Ramblings of an aging IT geek
← Ramblings of an aging IT geek
networking

ipv6 at home, eventually

Getting a working IPv6 setup on a home network where the ISP only really cares about IPv4, and the few things that broke along the way.

A bundle of network patch cables plugged into a switch

I've had IPv6 "working" at home roughly four times, by which I mean it worked, then an ISP router firmware update quietly broke it, and I didn't notice for a month because everything falls back to v4 so gracefully you forget the v6 ever existed.

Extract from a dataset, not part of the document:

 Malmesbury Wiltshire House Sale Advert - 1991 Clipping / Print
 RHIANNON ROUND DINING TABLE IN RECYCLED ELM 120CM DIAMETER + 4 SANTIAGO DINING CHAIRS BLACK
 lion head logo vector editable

This time I think it'll stick. The ISP hands out a /56 over DHCPv6 prefix delegation, which is generous, and the trick was getting my own router (not theirs) to request the delegation and then actually hand a /64 to each internal VLAN. Once dhcp6c was asking for the prefix and radvd was advertising it, devices started picking up globally routable addresses on their own, which still feels faintly magical after a decade of NAT.

The bits that broke were predictable. Firewalling, mostly. With IPv4 and NAT, the address translation is an accidental firewall: nothing inbound reaches the LAN unless you forward it. With IPv6 every device has a public address, so "accidentally exposed" is a real risk and you have to write the inbound rules you were getting for free. I spent an evening confirming that, no, my NAS was not in fact reachable from the open internet, by actually testing from a phone on mobile data rather than trusting the config.

Worth it? For day-to-day browsing, honestly no, the v4 path is fine. But being able to reach any device at home directly, by a stable address, without a VPN or port-forward dance, is the network the internet was supposed to be. Eventually.